=== What needs to be done ===
If a line below falls between the line with "百丽粗高跟时装靴棕色靴子女真皮厚底棉鞋美拉德西部靴F2L1DDD5" and the line with "Bóton Redondo 2.54cm", or is one of those two, output it exactly; output nothing else and no pictures.

Short descriptive text snippets:
.....
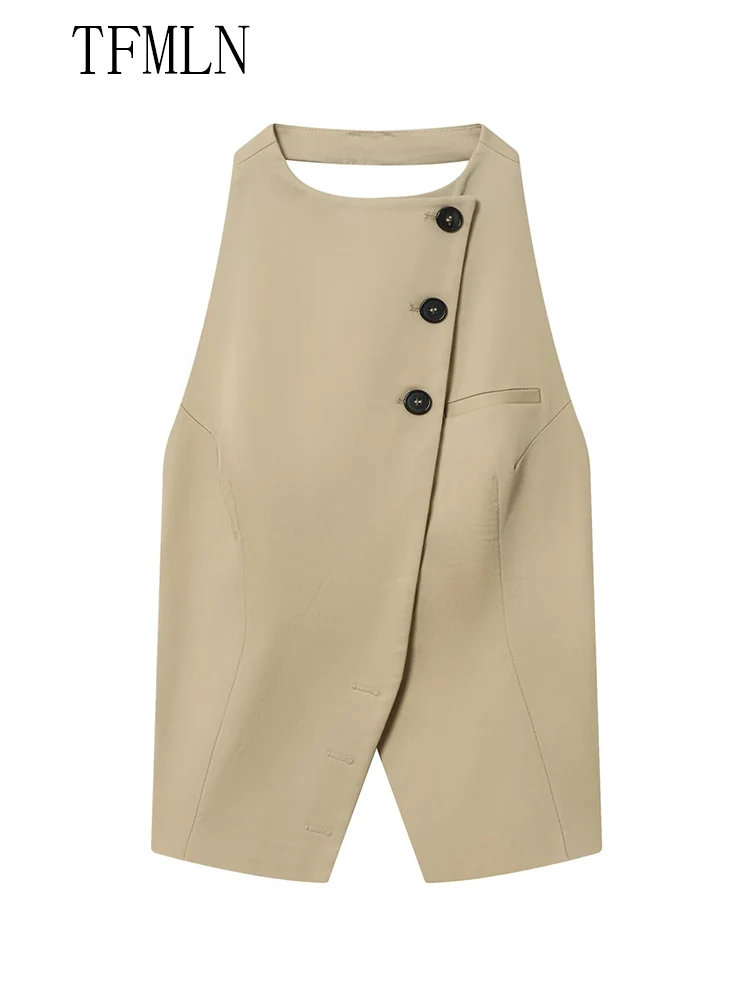 Sexy Women Solid Halter Top Straight Pant Sets 2025 Autumn Chic Backless Sleeveless Tops Zipper Causal Trousers With Belt Outfit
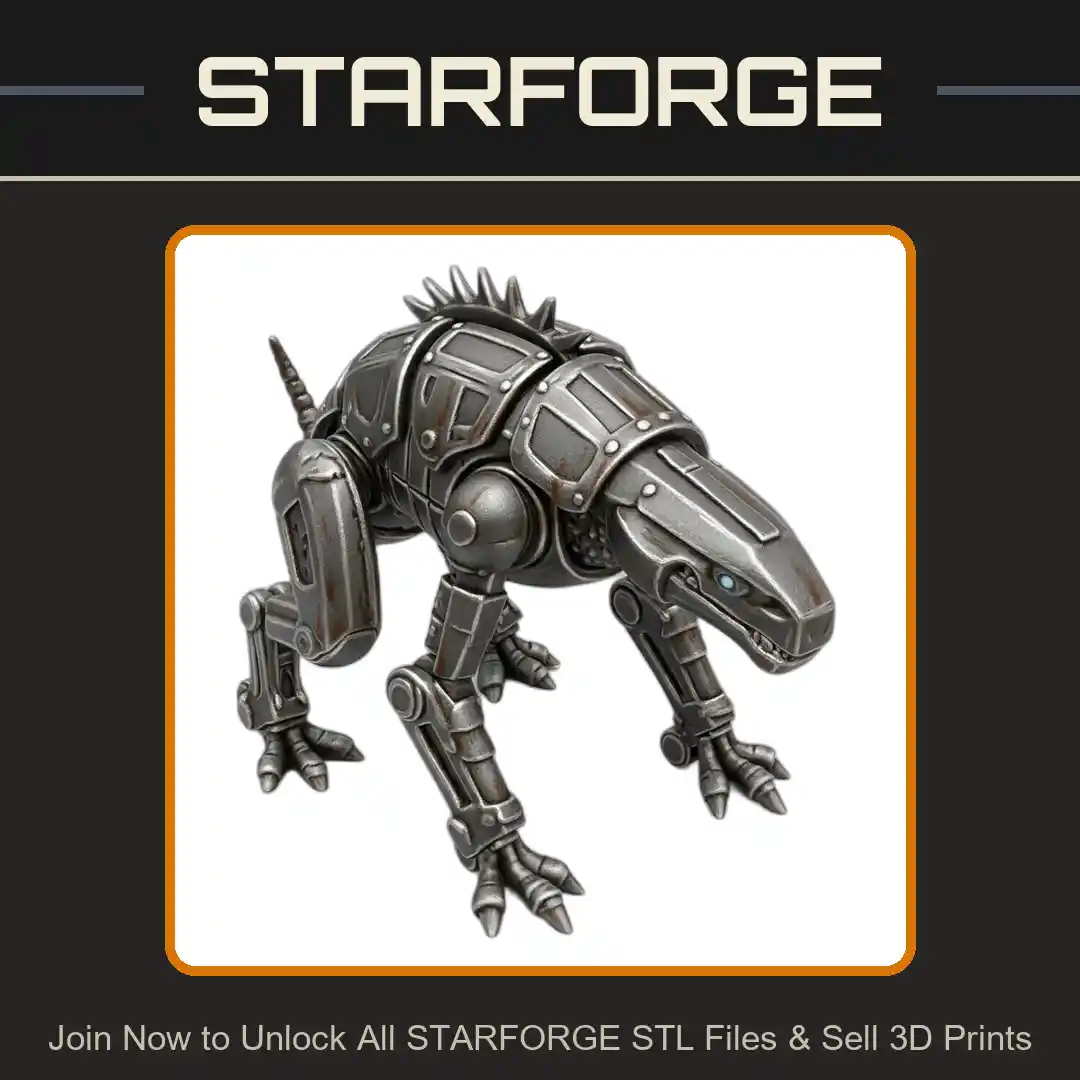 28mm Mechanical Reptilian Creature with Spiked Armor and Robotic Limbs - 3D Printable STL File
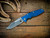 Eklipse 3.5" Skinny Fullered Harpoon Spanto-Magnacut-Stonewash Blue-G10-Blue Black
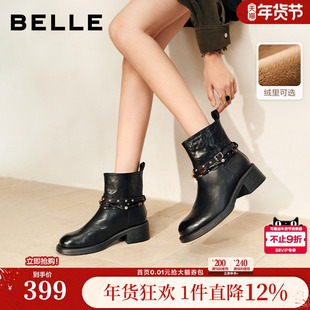 百丽粗高跟时装靴棕色靴子女真皮厚底棉鞋美拉德西部靴F2L1DDD5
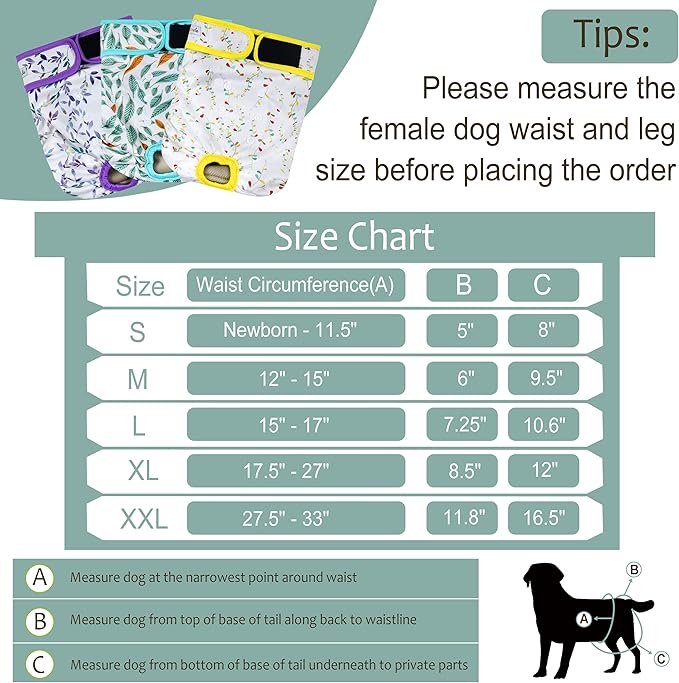 Washable Female Dog Diapers - Premium Reusable Diapers for Doggie in Heat - Highly Absorbent Dog Diapers Female for Pet Incontinence with Adjustable Snaps (Leaves, XL)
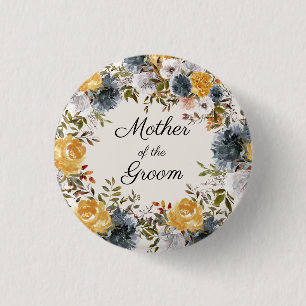 Bóton Redondo 2.54cm Amarelo Azul Floral Mão Pintada Mãe do Noivo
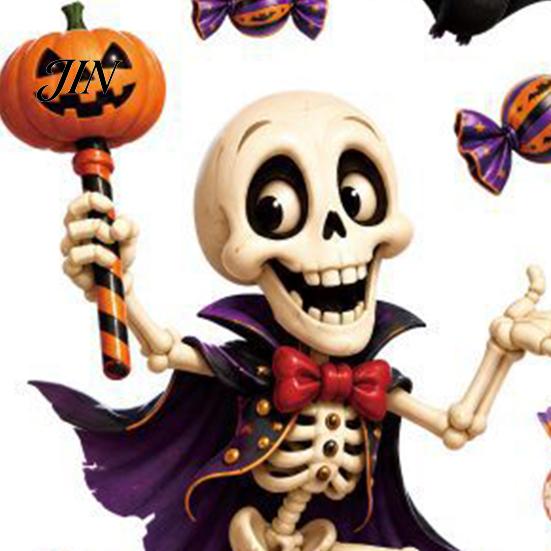 Translucent Halloween Window Cling 2 Sheets Clings, Cartoon Skeleton Static Stickers, Funny Stickers Ghosts Bats Pumpkins for Glass Doors Windows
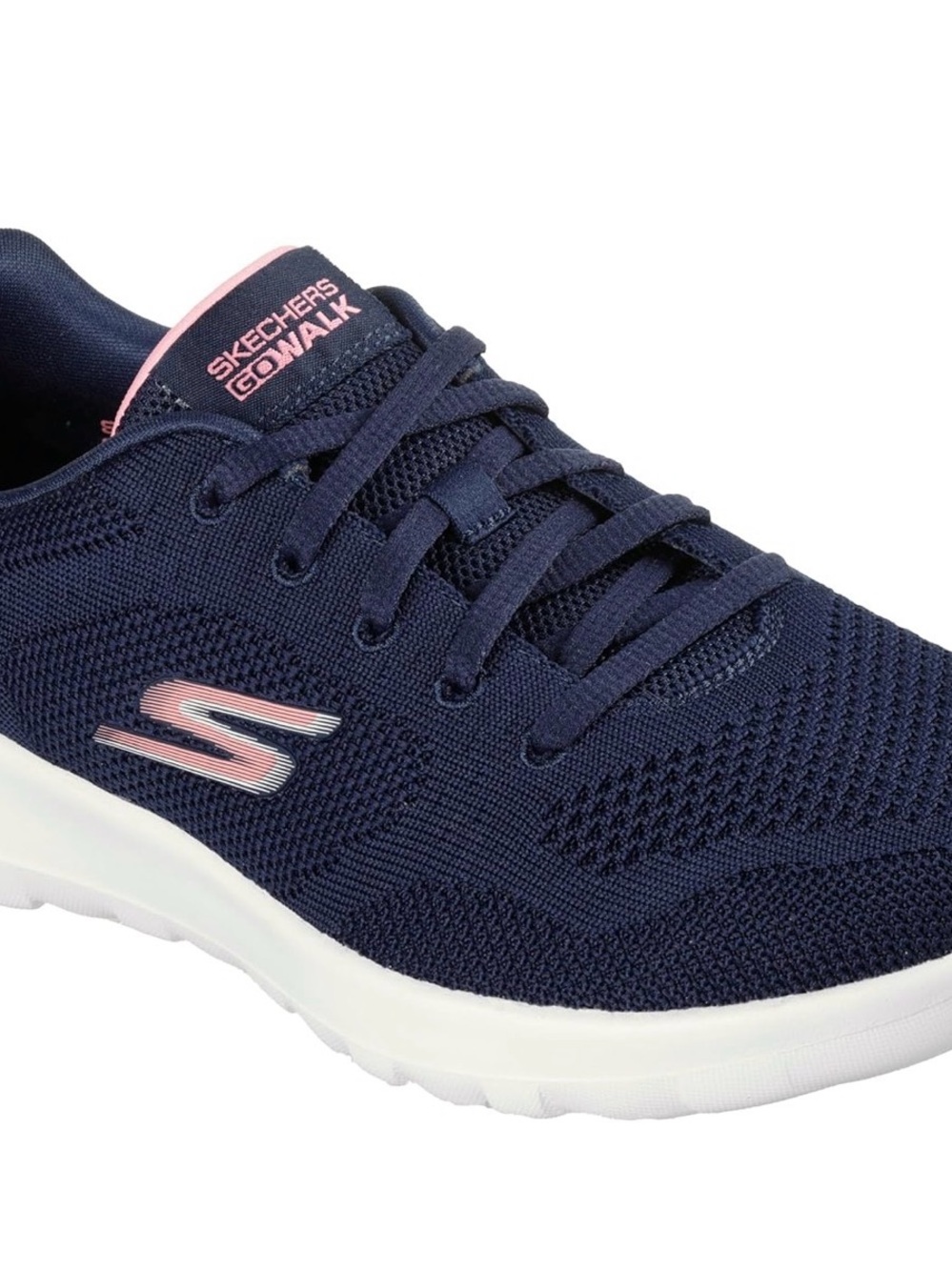Skechers Navy & Pink Women's GOwalk Knit Lace-Up Walking Sneakers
.....
=== The completed task ===
 百丽粗高跟时装靴棕色靴子女真皮厚底棉鞋美拉德西部靴F2L1DDD5
 Washable Female Dog Diapers - Premium Reusable Diapers for Doggie in Heat - Highly Absorbent Dog Diapers Female for Pet Incontinence with Adjustable Snaps (Leaves, XL)
 Bóton Redondo 2.54cm Amarelo Azul Floral Mão Pintada Mãe do Noivo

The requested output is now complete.